--- START ---
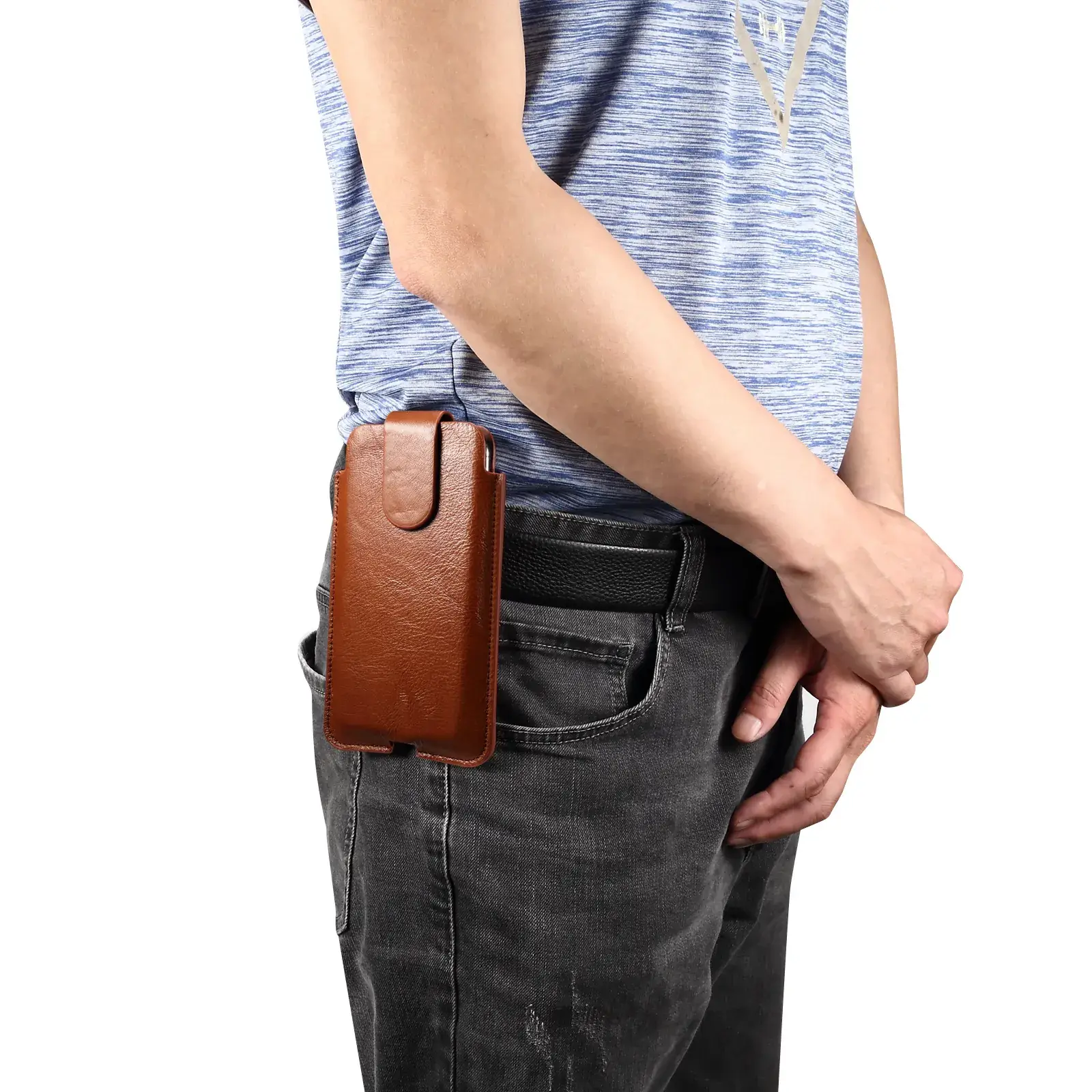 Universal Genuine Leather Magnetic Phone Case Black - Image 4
--- END ---
--- START ---
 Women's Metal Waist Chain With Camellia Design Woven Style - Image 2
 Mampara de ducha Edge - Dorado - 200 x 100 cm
--- END ---
--- START ---
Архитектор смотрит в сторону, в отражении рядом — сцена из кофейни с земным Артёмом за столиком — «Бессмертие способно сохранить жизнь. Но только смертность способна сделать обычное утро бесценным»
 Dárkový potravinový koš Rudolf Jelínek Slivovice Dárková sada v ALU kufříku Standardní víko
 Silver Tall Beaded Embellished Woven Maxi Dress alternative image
--- END ---
== What needs to be done ==
Lines with the word "Woven" in them are the answer; report each one from the data.

== Response box ==
 Women's Metal Waist Chain With Camellia Design Woven Style - Image 2
 Silver Tall Beaded Embellished Woven Maxi Dress alternative image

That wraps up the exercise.